• Instructions for the task: Bring together every line in the data that includes "Tooth".

Stored items:
[Start of Attachment]
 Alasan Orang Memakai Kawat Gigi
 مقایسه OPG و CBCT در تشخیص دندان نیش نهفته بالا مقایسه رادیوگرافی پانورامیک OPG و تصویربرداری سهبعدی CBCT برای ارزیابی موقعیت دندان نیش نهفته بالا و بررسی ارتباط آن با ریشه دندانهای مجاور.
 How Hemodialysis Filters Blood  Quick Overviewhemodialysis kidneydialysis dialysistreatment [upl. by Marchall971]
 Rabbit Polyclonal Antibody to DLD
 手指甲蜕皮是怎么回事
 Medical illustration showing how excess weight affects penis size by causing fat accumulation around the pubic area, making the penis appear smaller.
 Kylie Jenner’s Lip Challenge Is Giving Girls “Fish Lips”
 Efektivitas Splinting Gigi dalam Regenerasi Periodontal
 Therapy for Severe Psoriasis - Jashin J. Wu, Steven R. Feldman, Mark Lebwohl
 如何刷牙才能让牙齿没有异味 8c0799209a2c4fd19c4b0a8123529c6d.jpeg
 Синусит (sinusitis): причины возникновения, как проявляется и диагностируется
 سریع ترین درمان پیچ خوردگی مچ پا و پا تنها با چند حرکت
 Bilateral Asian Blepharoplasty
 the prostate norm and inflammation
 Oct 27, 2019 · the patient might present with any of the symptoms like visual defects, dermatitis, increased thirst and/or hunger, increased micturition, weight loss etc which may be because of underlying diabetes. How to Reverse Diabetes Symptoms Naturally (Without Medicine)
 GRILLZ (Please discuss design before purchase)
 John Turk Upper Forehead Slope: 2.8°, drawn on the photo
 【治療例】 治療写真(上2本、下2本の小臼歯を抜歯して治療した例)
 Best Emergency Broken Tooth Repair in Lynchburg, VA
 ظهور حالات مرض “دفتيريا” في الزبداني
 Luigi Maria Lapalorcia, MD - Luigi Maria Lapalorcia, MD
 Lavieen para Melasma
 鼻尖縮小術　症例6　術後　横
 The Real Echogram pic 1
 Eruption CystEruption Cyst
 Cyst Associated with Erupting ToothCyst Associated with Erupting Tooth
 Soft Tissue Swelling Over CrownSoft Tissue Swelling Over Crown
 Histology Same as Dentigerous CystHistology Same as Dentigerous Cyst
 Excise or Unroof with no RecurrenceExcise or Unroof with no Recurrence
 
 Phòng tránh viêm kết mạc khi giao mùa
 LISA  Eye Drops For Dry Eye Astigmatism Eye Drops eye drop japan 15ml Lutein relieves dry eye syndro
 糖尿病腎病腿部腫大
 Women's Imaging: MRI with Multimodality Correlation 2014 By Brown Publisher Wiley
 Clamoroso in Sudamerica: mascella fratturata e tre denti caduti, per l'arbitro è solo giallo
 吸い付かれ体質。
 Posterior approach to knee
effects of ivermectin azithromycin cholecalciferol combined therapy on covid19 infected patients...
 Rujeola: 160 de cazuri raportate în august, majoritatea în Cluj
[End of Attachment]
• Exercise output:
 Best Emergency Broken Tooth Repair in Lynchburg, VA
 Cyst Associated with Erupting ToothCyst Associated with Erupting Tooth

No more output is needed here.